START EXTRACTED RECORDS

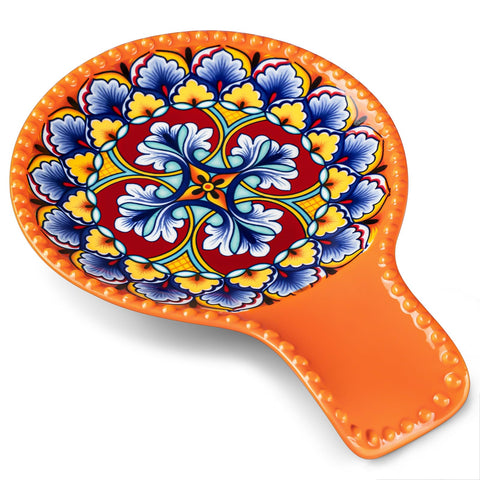 Vancasso orange spoon rest with boho design keeps utensils off the counter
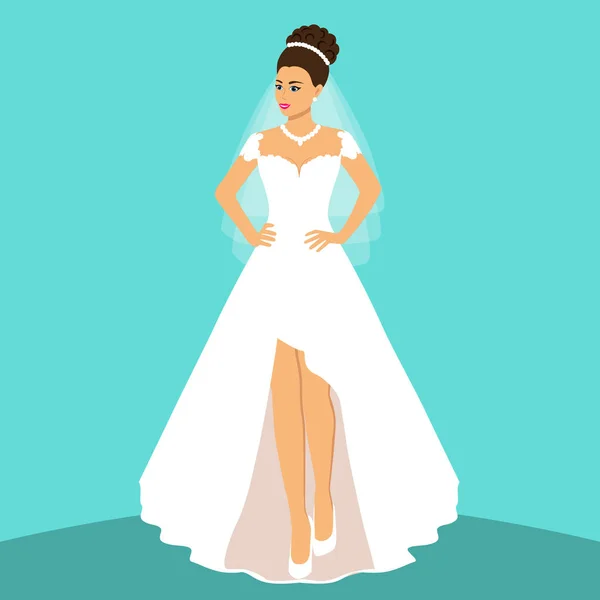 青色の背景に花嫁と結婚式のカード ウェディング ドレスの花嫁 ベクトル図 — ストックベクタ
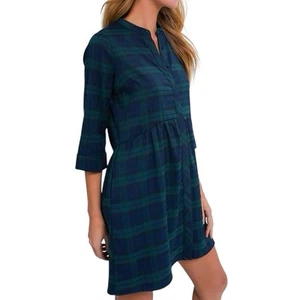 Tuckernuck Blackwatch Royal Plaid Shirt Dress Size M Green Blue Preppy Old Money - Picture 1 of 10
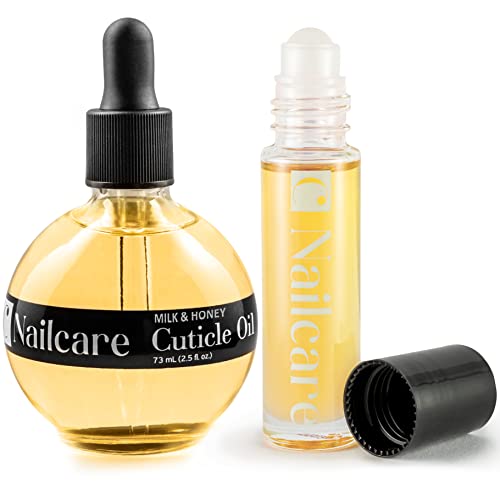 C CARE Milk and Honey Cuticle Oil Care Set, Contains a 2.5oz bottle With dropper, and Roll-on bottle, for Home and on the go use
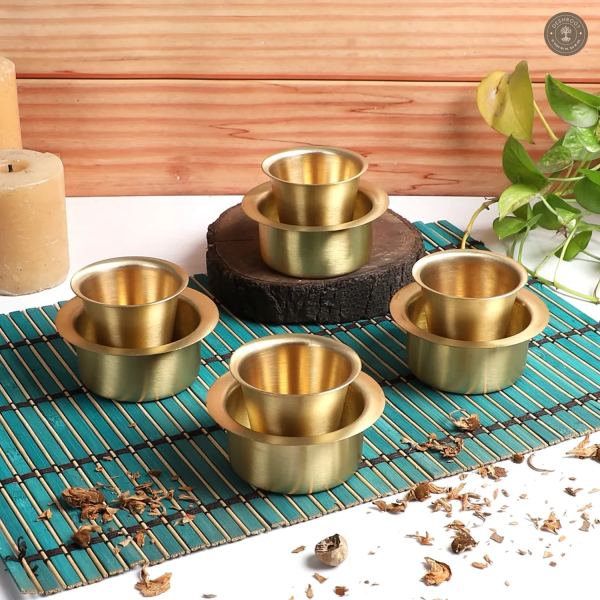 Brass Filter Coffe Bowl & Glass Set of 8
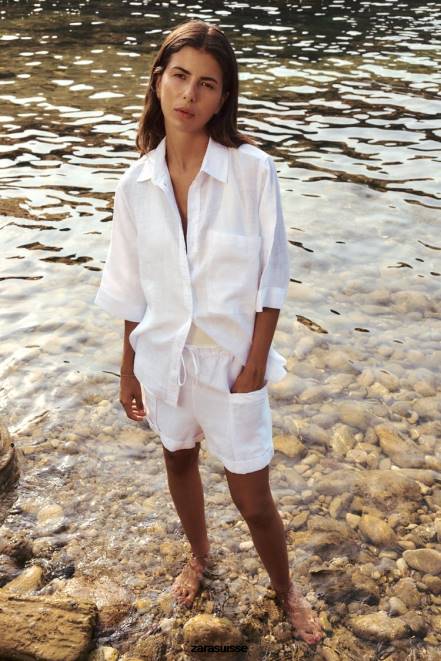 Zara vêtements P66V377 femmes chemise en lin avec poches blanc d'huître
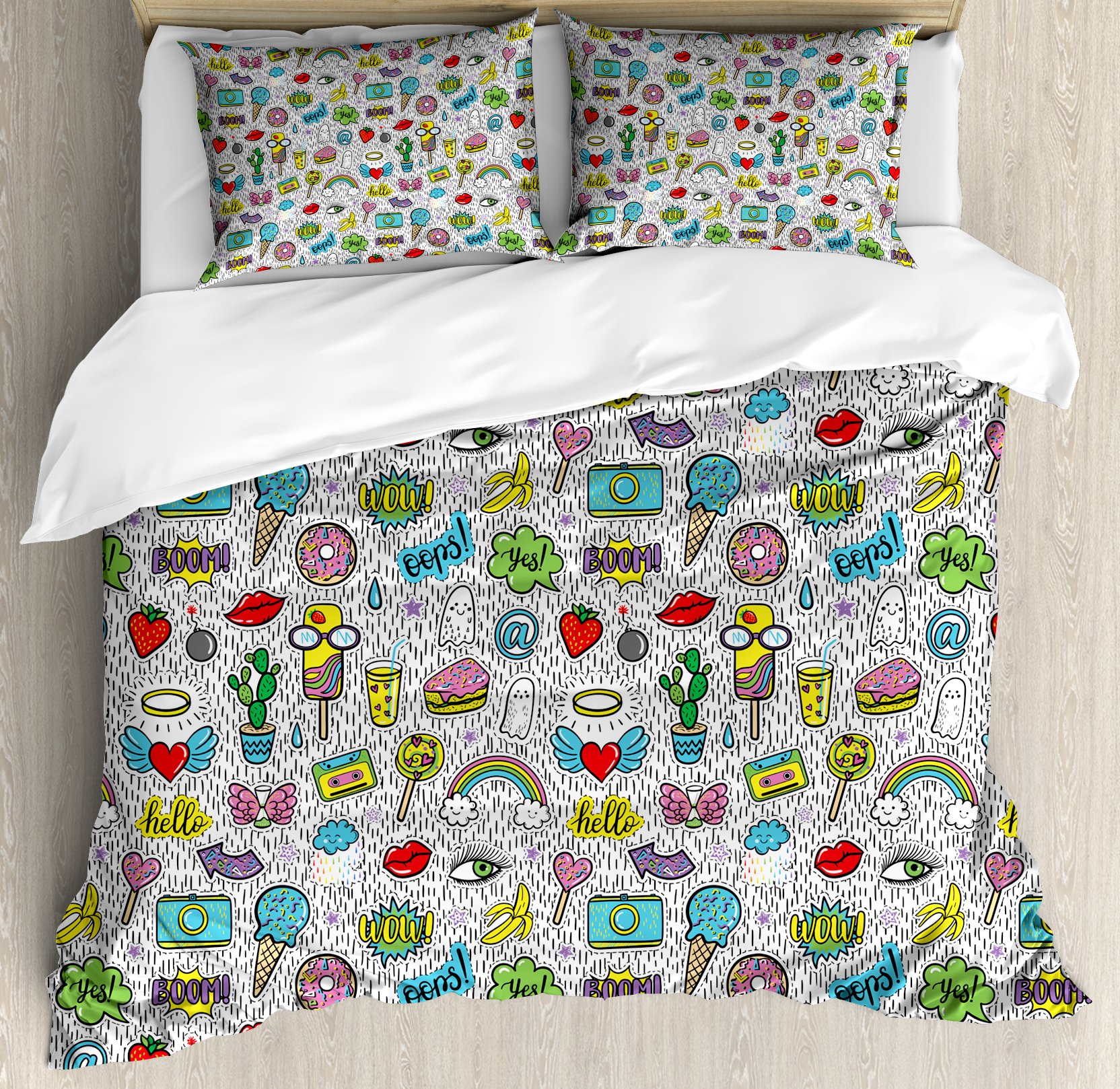 Ambesonne Retro Duvet Cover Set - Pop Art Cartoon Design with Eye, Ice Cream, Rainbow, Donut & Heart Patterns | 3-Piece Queen Size Bedding Set with 2 Pillow Shams in Grey & White | Perfect for Teen Bedrooms, Dorm Decor & Funky Home Styling
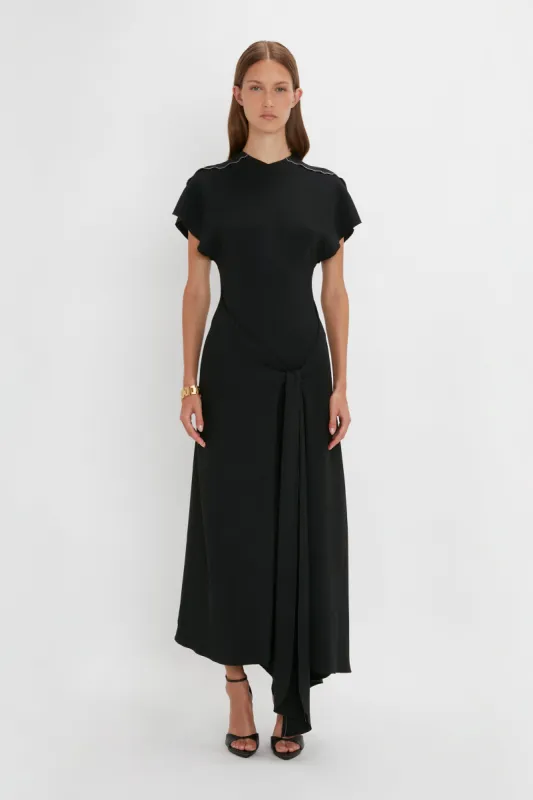 Short Sleeve Tie Detail Dress In Black sold by Victoria Beckham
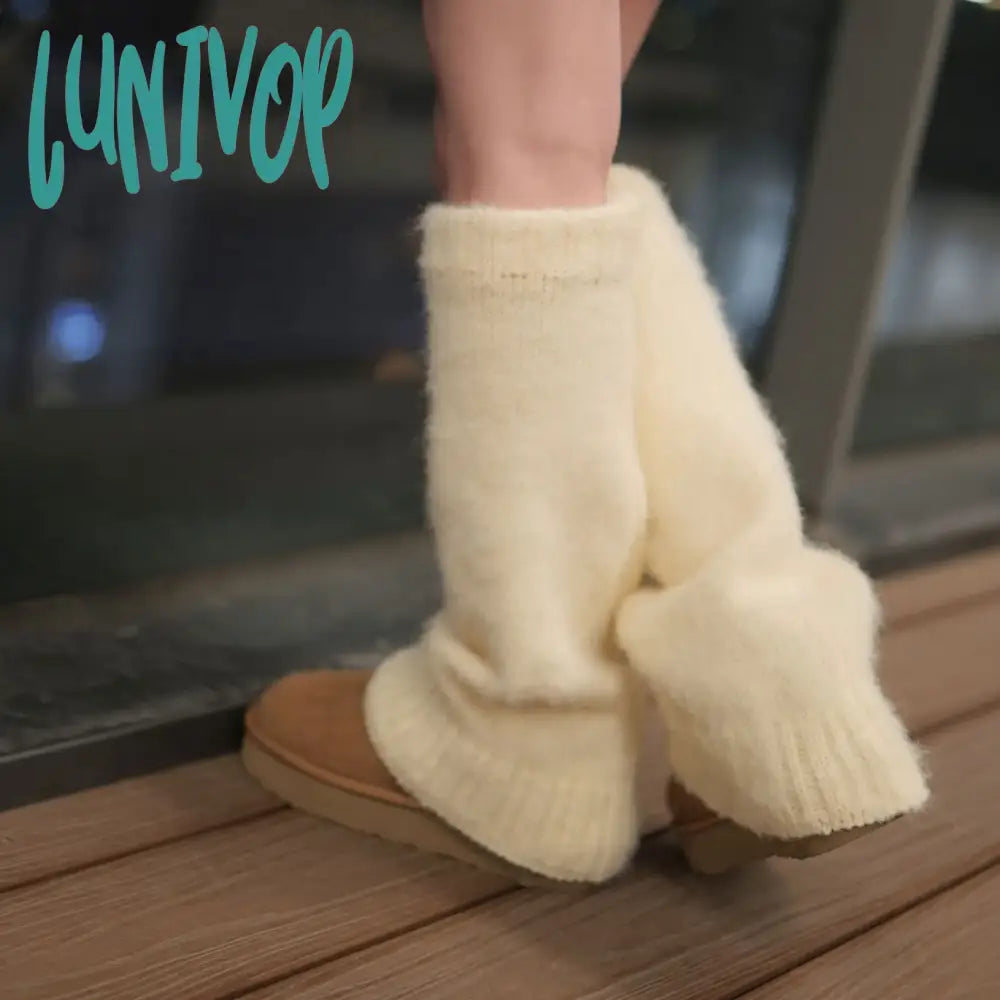 Lunivop New Japanese Wool Leg Warmers Cashmere Winter Warm Plush Knitted Boots Cover Socks Korea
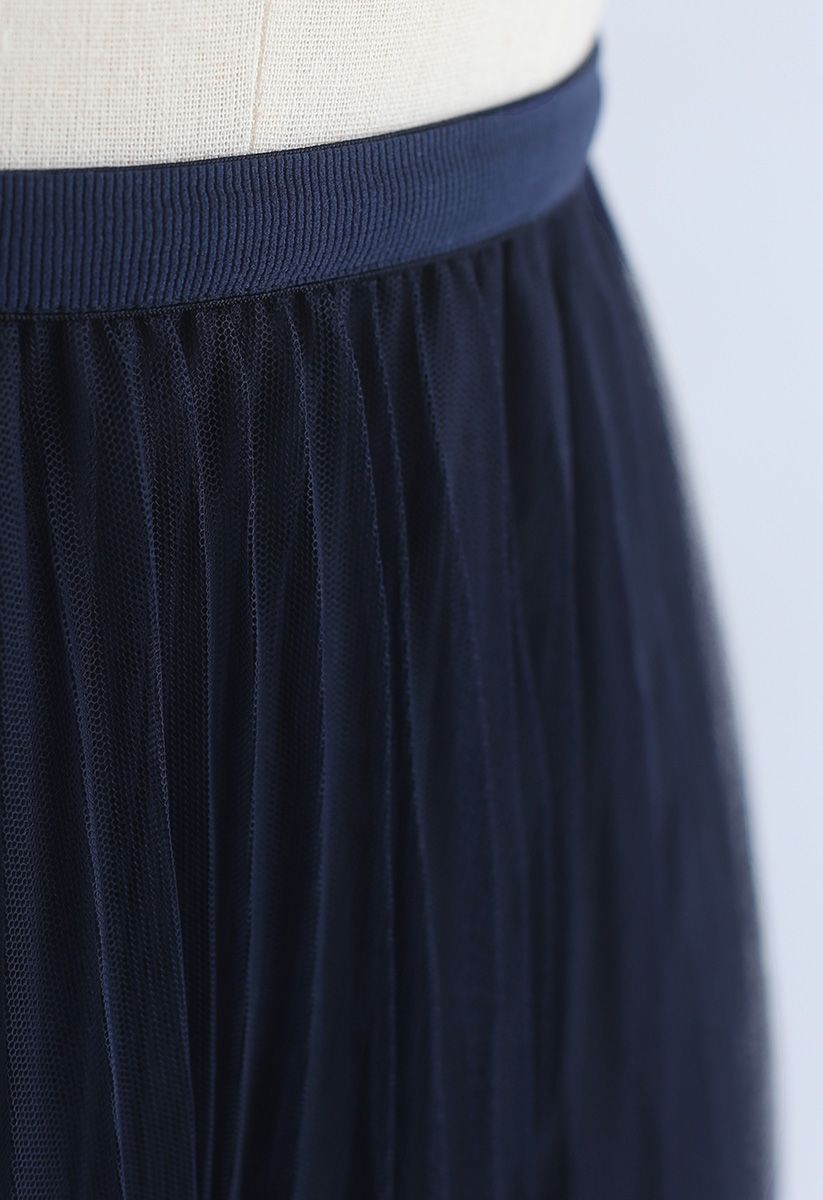 Turn the Night Up Pleated Mesh Skirt in Navy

END EXTRACTED RECORDS

> _EXERCISE INSTRUCTIONS_:
Only exact lines belong in the answer: those from the beginning of the entries above through the line holding "Lunivop New Japanese", with no pictures.

> _EXERCISE ANSWER_:
 Vancasso orange spoon rest with boho design keeps utensils off the counter
 青色の背景に花嫁と結婚式のカード ウェディング ドレスの花嫁 ベクトル図 — ストックベクタ
 Tuckernuck Blackwatch Royal Plaid Shirt Dress Size M Green Blue Preppy Old Money - Picture 1 of 10
 C CARE Milk and Honey Cuticle Oil Care Set, Contains a 2.5oz bottle With dropper, and Roll-on bottle, for Home and on the go use
 Brass Filter Coffe Bowl & Glass Set of 8
 Zara vêtements P66V377 femmes chemise en lin avec poches blanc d'huître
 Ambesonne Retro Duvet Cover Set - Pop Art Cartoon Design with Eye, Ice Cream, Rainbow, Donut & Heart Patterns | 3-Piece Queen Size Bedding Set with 2 Pillow Shams in Grey & White | Perfect for Teen Bedrooms, Dorm Decor & Funky Home Styling
 Short Sleeve Tie Detail Dress In Black sold by Victoria Beckham
 Lunivop New Japanese Wool Leg Warmers Cashmere Winter Warm Plush Knitted Boots Cover Socks Korea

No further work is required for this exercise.